Fakultas Ilmu Sosial dan Ilmu Politik (FISIP) Universitas Brawijaya (UB) kembali menunjukkan komitmennya dalam membuka ruang akademik bertaraf internasional dengan menyelenggarakan Visiting Lecturer bertajuk “Good Governance dalam Pengelolaan Wisata Religi” pada Selasa (6/5/2025) di Auditorium Nuswantara FISIP UB.
Kegiatan ini menghadirkan dua akademisi internasional, yakni Prof. Ignacio Ortiz Vila dari Universidad Nacional de Tres de Febrero dan UCEMA Argentina, serta Prof. Dr. Mohd Roslan bin Mohd Nor dari Universiti Malaya, Malaysia.
Prof. Ignacio Ortiz Vila membawakan materi mengenai Argentina’s new foreign policy- liberalism in times of global fragmentation. Dia menjelaskan perubahan-perubahan diplomatik dan kebijakan Argentina di bawah kepemimpinan yang baru.
Sementara, Prof. Dr. Mohd Roslan bin Mohd Nor yang memaparkan pengalaman Malaysia dalam mengelola wisata religi secara berkelanjutan.

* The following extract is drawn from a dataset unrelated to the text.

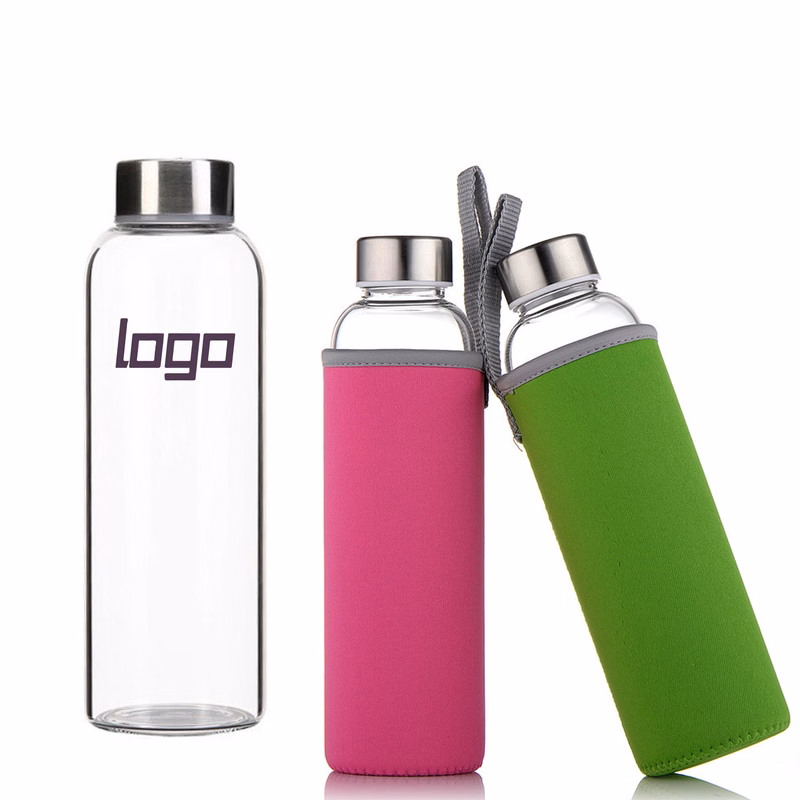18oz Transparent Glass Water and Juice Bottle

Dalam presentasinya, dia menekankan bahwa Malaysia tidak hanya mengembangkan wisata religi sebagai sektor ekonomi, tetapi juga sebagai sarana memperkuat identitas nasional, diplomasi budaya, dan harmoni sosial.

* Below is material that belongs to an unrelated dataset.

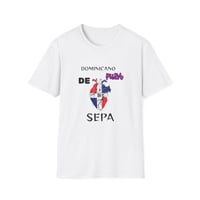 Image 1 of Dominicano De Pura  Sepa! T-Shirt — Dominican Pride Flag Heart Tee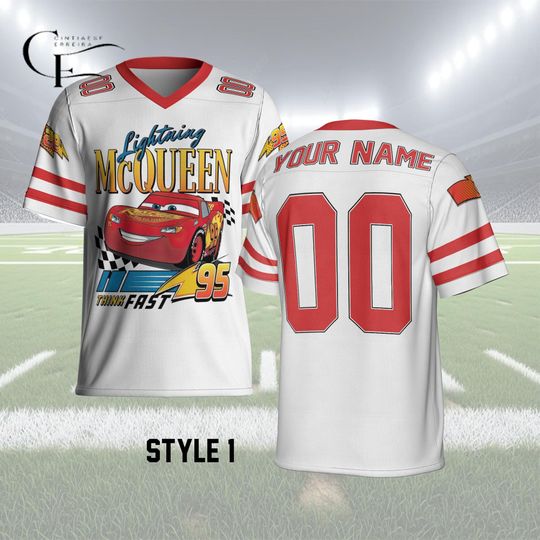 Personalized Disney Cars Lightning McQueen Football Jersey, Custom Name Number Kids Adult Jersey, Cars Movie Birthday Outfit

Dia menyampaikan bahwa konsep good governance menjadi pilar utama dalam pengelolaan tempat-tempat religi di Malaysia, termasuk dari aspek pengelolaan dana zakat, wakaf, dan pembangunan infrastruktur yang sensitif terhadap nilai-nilai keislaman.
“Wisata religi di Malaysia tidak hanya difokuskan pada pembangunan fisik seperti masjid atau makam ulama, tetapi juga pada sistem manajemen yang terencana, inklusif, dan mengedepankan partisipasi masyarakat,” jelas Roslan.
Dia menambahkan bahwa pemerintah Malaysia melibatkan banyak aktor, mulai dari lembaga agama, kementerian pariwisata, hingga komunitas lokal dalam proses perumusan kebijakan, yang menunjukkan praktik good governance yang holistik.
Menurut Roslan, keberhasilan Malaysia dalam mengelola wisata religi tidak lepas dari prinsip-prinsip seperti akuntabilitas, transparansi, dan partisipasi.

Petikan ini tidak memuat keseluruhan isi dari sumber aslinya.